Fairy tales are constantly being reinterpreted on the big screen and costumes are an important part of conveying that other worldliness. That's why I'll watch the movies even though I've heard the story a million times before. With Mirror Mirror I think the creators were trying to update the fairy tale with a few jokes and modern language. As much as I love Julia Roberts and Lily Collins, the jokes didn't quit work for me. The costumes on the other hand were pure perfection. The sheer size of some of the dresses, the colours, the craftsmanship, I'm in awe!

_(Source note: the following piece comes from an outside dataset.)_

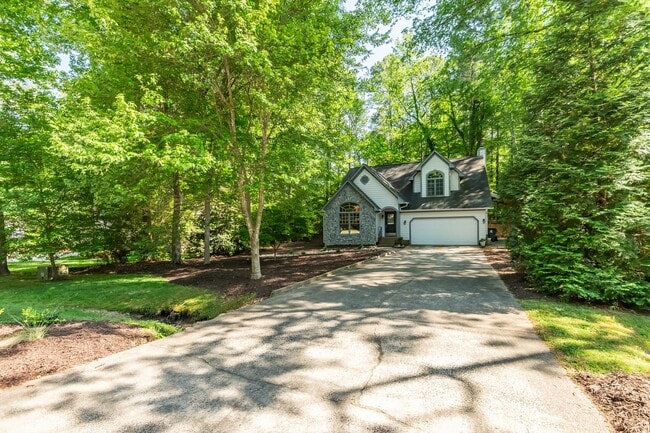 Building Photo - Single Family Home: Durham/Chapel Hill Line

Too bad Eiko Ishioka , the film's costume designer didn't get an Oscar for her excellent work, she definitely earned it in my book.I think I'll watch more films that the late designer worked on and explore this tumblr dedicated to her work.

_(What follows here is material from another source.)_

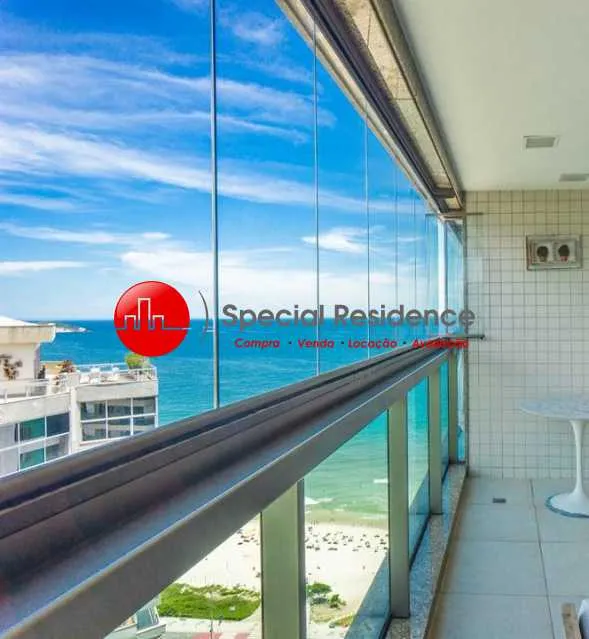 Furnished duplex-style cover with 4 bedrooms and 4 baths — photo 3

After watching Show White and the Huntsman for probably the 4th time ( Charlize Theron is awesome in that movie) I've become a fan of Colleen Atwood, the film's costume designer. I'm now getting familiar with her work and last week I watched Alice in Wonderland again after I found out she had designed the costumes. I hadn't seen it since the exciting 3D experience in Turku a couple of years ago. I do remember being impressed by the costumes and set decoration (not to forget the Cheshire cat in 3D) when I originally saw it and I still feel the same way today. Even though a lot in the movie is CGI, the craftsmanship on the costumes still stands out and for me costumes are an essential part of immersing myself into the world the story takes place in. I'm really looking forward to Atwoods's next film to hit the cinemas, Into the Woods. Besides the costumes and the singing, Merly Streep is in it! I can't wait!

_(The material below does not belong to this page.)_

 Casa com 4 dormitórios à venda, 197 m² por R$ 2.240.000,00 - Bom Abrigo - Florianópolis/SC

I love movies and tv-series with elaborate costumes. From those BBC adaptations of classic novels to the latest fantasy blockbuster, I'll watch them all. It's not unusual for me to choose to see a movie at the cinema just because of the costume design. I'm now seriously thinking about how to get into that industry. If anybody has any tips let me know! Snow White and the Huntsman is one movie with great costumes, especially Charlize Theron's character. As much as I keep rooting for Kristen Stewart's character, Theron's costumes are one of the reasons I've now seen this movie like 3 times. So Colleen Atwood did one hell of a job! I read somewhere that she's been nominated for an Oscar 9 times. I think I have to watch some of the other movies she's worked on.